The paper you sent evaluates the nozzle divergence coefficient, aka angularity losses. That is a simple, unavoidable phenomenon caused by the jet at the exit not having the sole axial component. As the nozzle secondary half angle increases, you lose more forward thrust. If you make the nozzle longer, the angle decreases and divergence coefficient tends to one. This is for both axisymmetric and 2D.
On page 16 you can even see the trend of the coefficient, where it is clear that 2D nozzle has always less angularity losses (and that should be obvious since you have only two ramps moving, with the side walls keeping the jet axial).

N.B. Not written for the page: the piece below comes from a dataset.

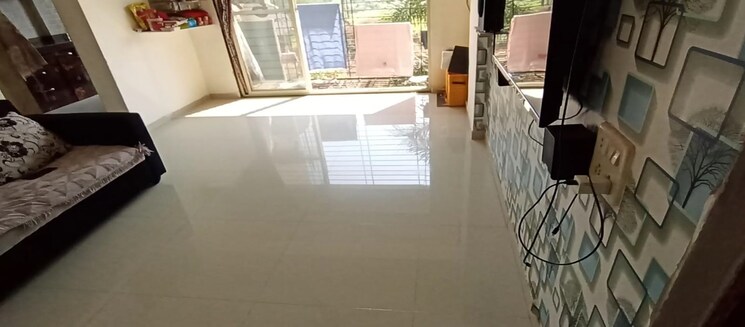 Balcony, sai-sankul-annexe 2 Bedroom 750 Sq.Ft. Apartment In Kalyan West Thane 8163943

That’s cool but flat nozzles still definitely lose thrust
Again, the 2D nozzle behaves like an axisymmetric one, with almost the same losses (around 1%). Plug nozzles don't, and generally have lower efficiency.
You claimed that the thrust of the F119 would be
at least 5% higher if a non-2D nozzle were used, a value you can’t achieve by simply using a different nozzle. The thrust you lose is due to friction, angularity, expansion, leakage and cooling air throttling loss, which are present in all nozzle configurations. Afaik there aren't phenomena that appear only in the 2D nozzle that make it "definitely lose thrust" more than in the axisymmetric. Once the area and pressure ratios are defined, the axisymmetric and the 2D nozzle will output
almost the same thrust.
You can take a look at this paper
https://ntrs.nasa.gov/citations/19800015775
In summary, for the test conditions of this investigation, the SERN and 2-D C-D nozzles generally produce higher and the wedge nozzle generally produces lower thrust minus-drag performance than the axisymmetric nozzle base-line configuration.
The tricky part is the integration of the nozzle in the fuselage, that's when you have differences in aft-end drag and you may choose 2D over ax (speaking of performance only, not radar/IR signature).